In a normal year, Coatesville – with a population of 11,614, according to the latest U.S. Census Bureau population estimate – sees one or two arsons.

But the last year-and-a-half has been far from normal. The city counted 15 arsons in 2008, including one on Dec. 7 that killed 83-year-old Irene Kempest, a Nazi work camp survivor. Three people were arrested – one for the fire that took Kempest’s life and two for other arsons. All three remain in custody, but that has not halted the flames.

Coatesville Police Chief William Matthews said federal, state and local agencies have begun “a full-court press” to stop the fires, which have all been set by night at seemingly random places with little light and easy access. Matthews said a curfew has been discussed, “persons of interest” have been interviewed and lingering suspicions that gang members set the fires are being explored.

“All rumors are being actively investigated,” Matthews said.

Without news that the arsons have been solved, however, even Coatesville residents whose neighborhoods have not been set afire expressed nervousness.

“I’m too scared to go to sleep at night,” said Dee White, 49, who lives several blocks away from the Fleetwood Street block that burned Saturday.

White and others said they got little comfort from officials’ instructions to leave lights on and keep rubbish that could fuel fires away from easily accessed areas.

“It’s just chaos,” said Jamar Ricts, 27, a landscaper whose undamaged home sits yards away from the 15 that burned over the weekend.

He said he looks forward to March, when his lease is up and he can move his wife and two children out of Coatesville.

“We’ve been sleeping downstairs, clothes on and everything,” Ricts said. “We’ll probably go to a relative’s house now, until March.”

Up the block, Frank Thomas, 21 and no relation to Tina, said he’s also moving – to Milwaukee where he formerly lived. The musician and student had lived in a house with five relatives, sleeping in a converted living room now littered with fire debris.

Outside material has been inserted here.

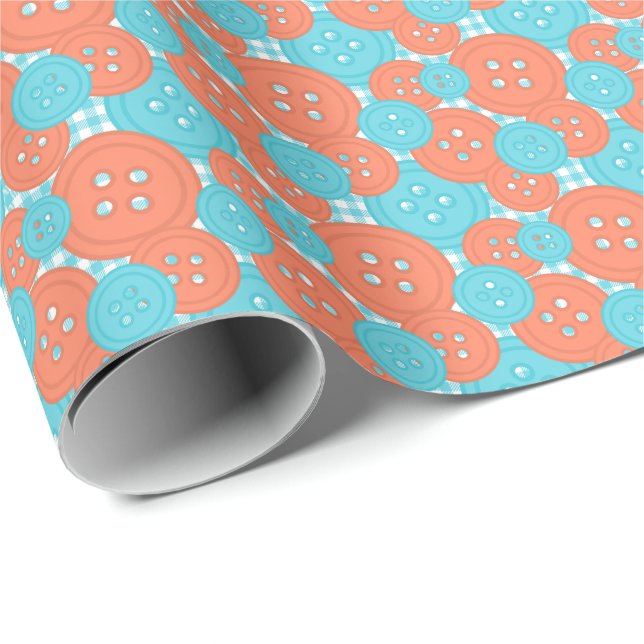 Coral Turq Knappar Gingham - Hantverk & Syaroom Presentpapper (Rullad Hörn)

His Fleetwood Street block, even before the fire, was among the old steel town’s most weathered areas. A textile warehouse abuts the scorched homes, which sit less than 50 yards from railroad tracks. One block away is an abandoned train station. Across the street is a garage that burned in 2007 and never reopened.

The city’s anger over the wanton destruction of the fires is palpable, Frank Thomas said.

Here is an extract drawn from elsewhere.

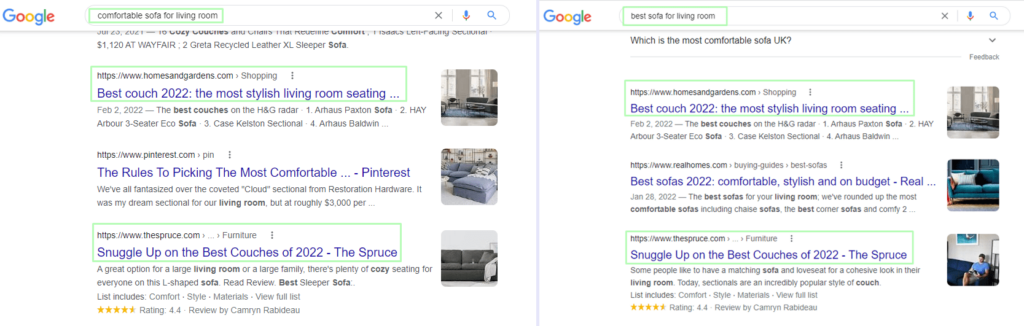 Google search results for a furniture store.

“It’s hard to strike fear into Coatesville, it really is,” he said. “This place has seen its share of tough times.”

On a different porch, George McCarraher, 36, said the arsons have mainly made a bad situation worse. He is a mechanic, but said he has been unable to find steady work in Coatesville since the Fleetwood Street garage burned. McCarraher, who lives in another part of town, turned up on the scorched block Monday to help old friends haul away a few belongings. There, he listened to the speculation over the possible culprits and contemplated justice for the destruction that lay before him.

“I’m an eye-for-an-eye guy,” McCarraher said. “I think that when we find these people who did this, we should get them all together and set fire to their homes, to let them see how it feels when your life goes through this.”

A stream of residents converged on Coatesville City Hall yesterday to sign up as volunteers for a block-watch program. One of them, Tyrone Harley, said anger and blame are unproductive in the wake of such tragedy.

“I would have rather seen my business burn than see those people lose their homes,” said Harley, who runs T’s Automotive at the corner of Fourth Avenue and Fleetwood Street. “I know all of these people. It was devastating.”

Harley said he believes the stepped-up law-enforcement effort will prevent further tragedies, at least temporarily, but he said he hoped neighboring townships were on alert in case the criminals moved outside the city.

“Between the robberies and the murders and now these arsons, you’re always on edge,” Harley said. “I used to work in my shop until midnight. Now I get out of there by 6.”